Exercise prompt: Report each line of the entries that includes "Dress" by copying it.

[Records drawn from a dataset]
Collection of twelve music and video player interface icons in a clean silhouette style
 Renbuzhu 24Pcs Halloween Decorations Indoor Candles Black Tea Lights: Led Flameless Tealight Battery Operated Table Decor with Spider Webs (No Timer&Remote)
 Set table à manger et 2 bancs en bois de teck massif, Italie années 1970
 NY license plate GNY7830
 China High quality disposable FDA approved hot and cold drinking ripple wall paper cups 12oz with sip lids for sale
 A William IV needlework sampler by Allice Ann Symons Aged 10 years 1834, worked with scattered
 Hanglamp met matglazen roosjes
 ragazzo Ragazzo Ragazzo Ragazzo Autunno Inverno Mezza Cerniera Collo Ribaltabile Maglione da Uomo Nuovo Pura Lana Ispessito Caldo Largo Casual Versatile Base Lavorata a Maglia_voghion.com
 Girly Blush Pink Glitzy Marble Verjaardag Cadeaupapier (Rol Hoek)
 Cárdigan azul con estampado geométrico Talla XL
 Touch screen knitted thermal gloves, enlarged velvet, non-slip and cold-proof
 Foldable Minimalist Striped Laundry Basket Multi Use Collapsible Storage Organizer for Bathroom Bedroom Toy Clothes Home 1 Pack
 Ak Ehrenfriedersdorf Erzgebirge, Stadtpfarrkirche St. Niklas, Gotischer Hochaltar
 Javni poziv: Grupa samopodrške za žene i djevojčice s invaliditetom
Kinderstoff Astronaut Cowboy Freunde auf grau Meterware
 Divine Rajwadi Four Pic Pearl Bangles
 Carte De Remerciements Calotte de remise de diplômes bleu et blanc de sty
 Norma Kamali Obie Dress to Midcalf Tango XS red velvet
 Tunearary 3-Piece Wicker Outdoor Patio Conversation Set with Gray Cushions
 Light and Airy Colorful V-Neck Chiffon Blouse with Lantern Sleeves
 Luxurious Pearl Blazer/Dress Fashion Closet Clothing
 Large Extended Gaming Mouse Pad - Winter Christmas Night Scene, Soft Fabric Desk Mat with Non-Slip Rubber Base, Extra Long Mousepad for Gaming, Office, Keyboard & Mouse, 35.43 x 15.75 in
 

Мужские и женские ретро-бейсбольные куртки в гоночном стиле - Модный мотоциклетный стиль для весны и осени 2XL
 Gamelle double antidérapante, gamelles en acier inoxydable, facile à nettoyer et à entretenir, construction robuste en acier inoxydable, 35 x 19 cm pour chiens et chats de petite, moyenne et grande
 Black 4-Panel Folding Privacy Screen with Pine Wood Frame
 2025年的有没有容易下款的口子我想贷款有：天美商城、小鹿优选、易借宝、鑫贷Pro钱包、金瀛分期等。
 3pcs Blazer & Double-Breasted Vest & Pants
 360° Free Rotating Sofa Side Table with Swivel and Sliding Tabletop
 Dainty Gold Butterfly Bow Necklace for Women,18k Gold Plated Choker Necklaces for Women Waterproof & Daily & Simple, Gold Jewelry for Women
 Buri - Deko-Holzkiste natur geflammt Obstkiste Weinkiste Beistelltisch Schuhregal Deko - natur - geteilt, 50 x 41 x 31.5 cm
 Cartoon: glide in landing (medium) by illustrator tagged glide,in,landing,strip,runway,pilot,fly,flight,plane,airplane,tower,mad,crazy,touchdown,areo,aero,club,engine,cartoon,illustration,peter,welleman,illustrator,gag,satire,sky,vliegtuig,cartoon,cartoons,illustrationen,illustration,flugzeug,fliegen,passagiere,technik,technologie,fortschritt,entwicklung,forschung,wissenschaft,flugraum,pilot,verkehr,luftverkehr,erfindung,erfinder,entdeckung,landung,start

Answer for the task:
 Norma Kamali Obie Dress to Midcalf Tango XS red velvet
 Luxurious Pearl Blazer/Dress Fashion Closet Clothing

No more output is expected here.